Problem statement:
Pictures are not part of the copy. Set down exactly the lines from the one containing "10个趣味冷知识!蟑螂小强的大众神话与草根人生!" through the last line of the material below.

Records:
+-------+

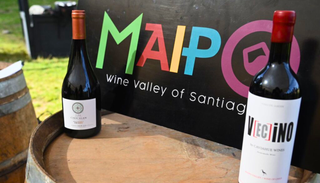 Todo listo para la Vendimia del Valle del Maipo 2026: conoce las fechas, artistas y precios de las degustaciones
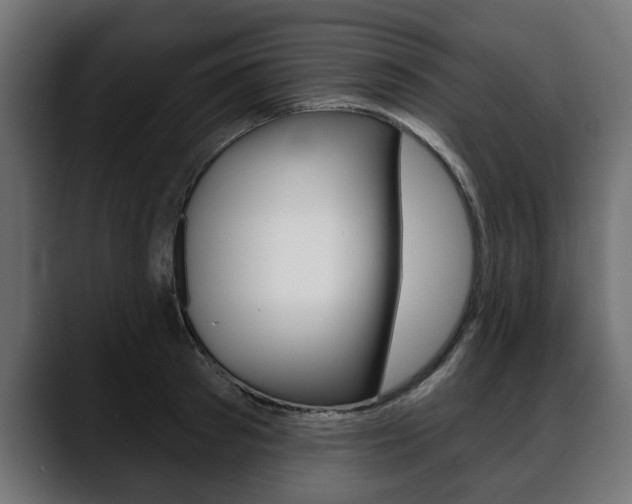 X0000088650897200705250939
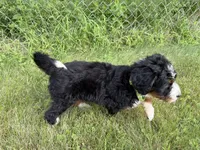 Juniper, a female Bernedoodle for sale in Pekin, IL – 4 of 10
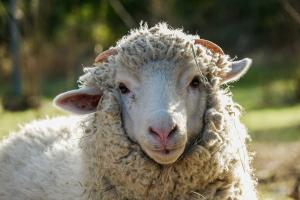 Канадський вчений вказав на проблеми вівчарства Прикарпаття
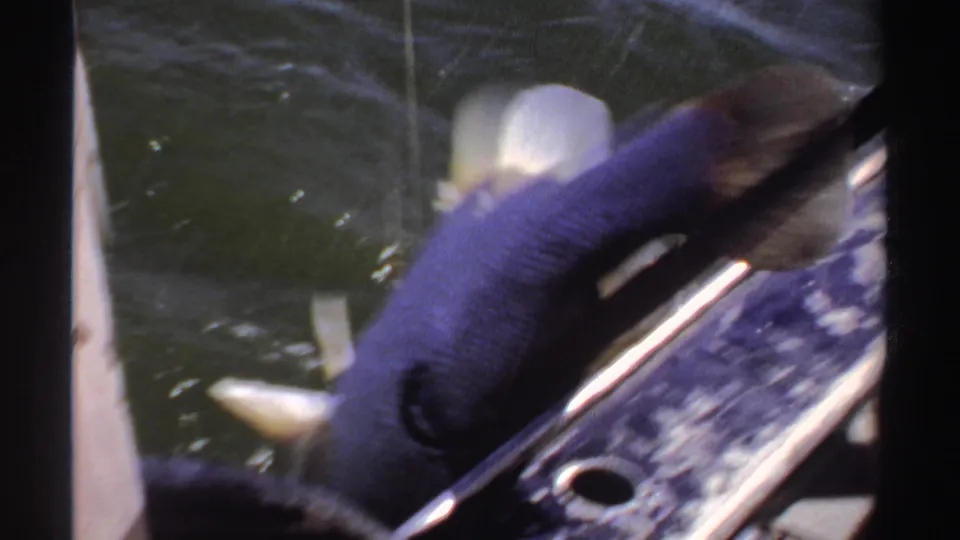 A gloved hand reaches toward the hooked fish beside boat hardware, continuing the 1969 Sudan fishing scene.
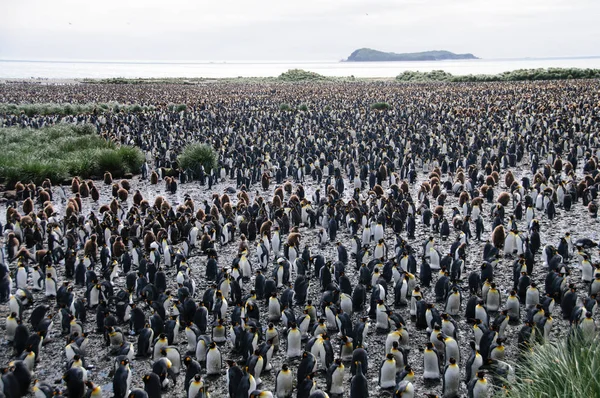 ソールズベリー平原のキング ペンギン — ストック写真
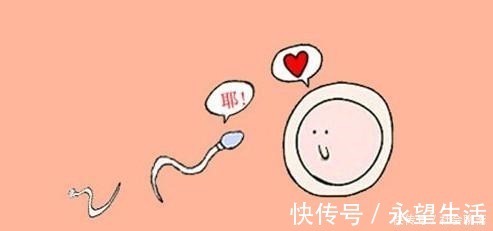 10个趣味冷知识!蟑螂小强的大众神话与草根人生!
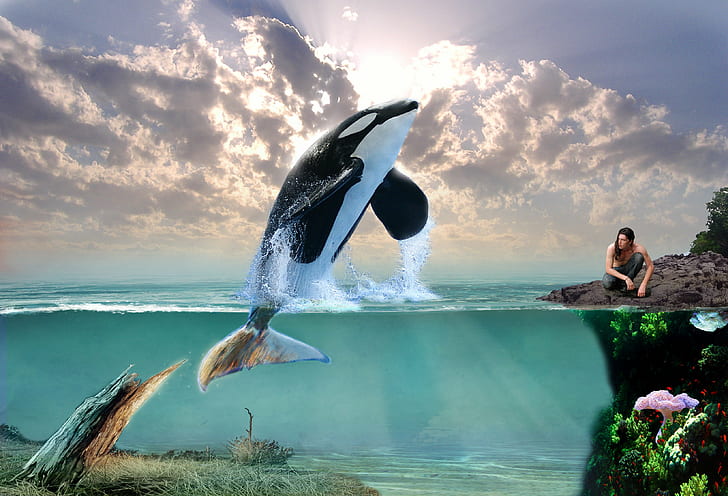 HD wallpaper: 3d, art, creative, Dolphin, fantasy, ocean, Orca, Whale |  Wallpaper Flare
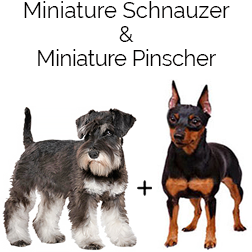 Miniature Schnaupin Dog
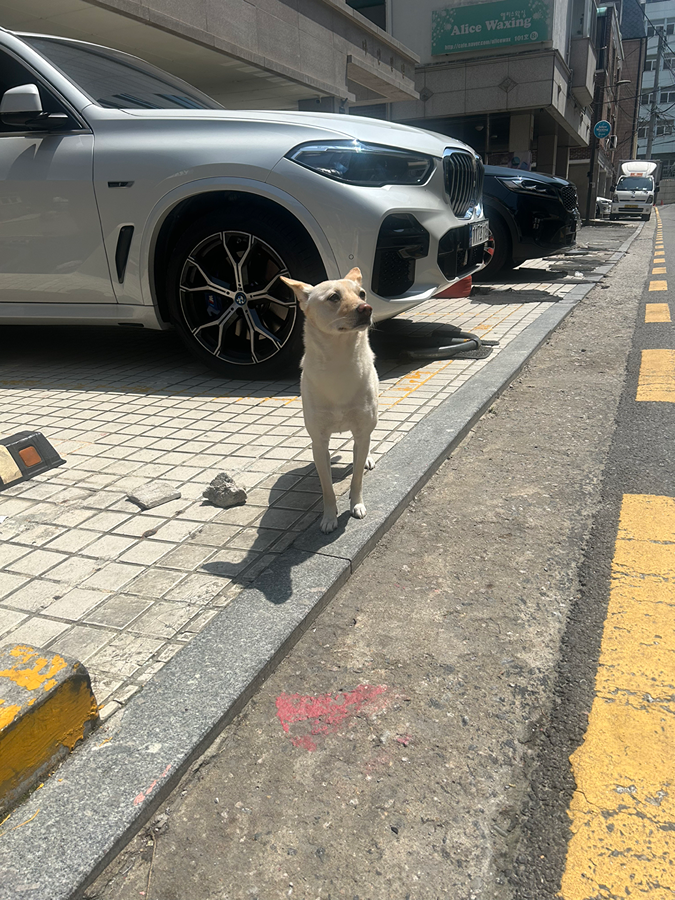 (구청목격신고완료)혼자 목줄도없이 돌아다니는 강아지를 발견했어요 썸네일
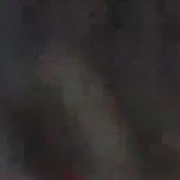 biggreektiger
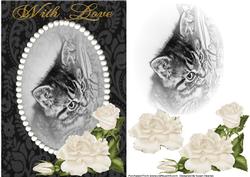 Sweet Little Kitten 2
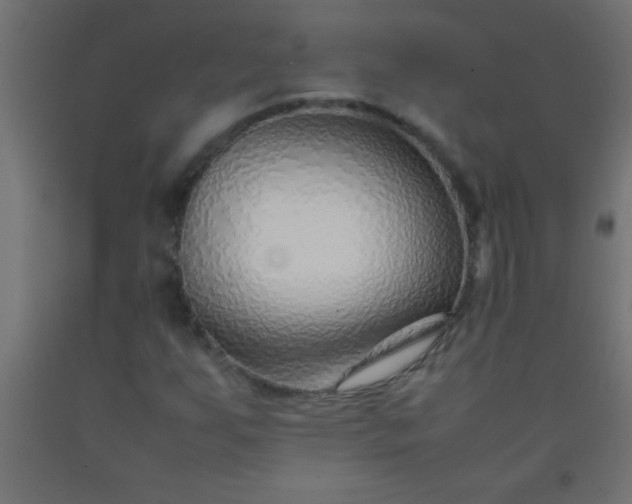 X0000092281255200709281238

+-------+

Solution for this exercise:
 10个趣味冷知识!蟑螂小强的大众神话与草根人生!
 HD wallpaper: 3d, art, creative, Dolphin, fantasy, ocean, Orca, Whale |  Wallpaper Flare
 Miniature Schnaupin Dog
 (구청목격신고완료)혼자 목줄도없이 돌아다니는 강아지를 발견했어요 썸네일
 biggreektiger
 Sweet Little Kitten 2
 X0000092281255200709281238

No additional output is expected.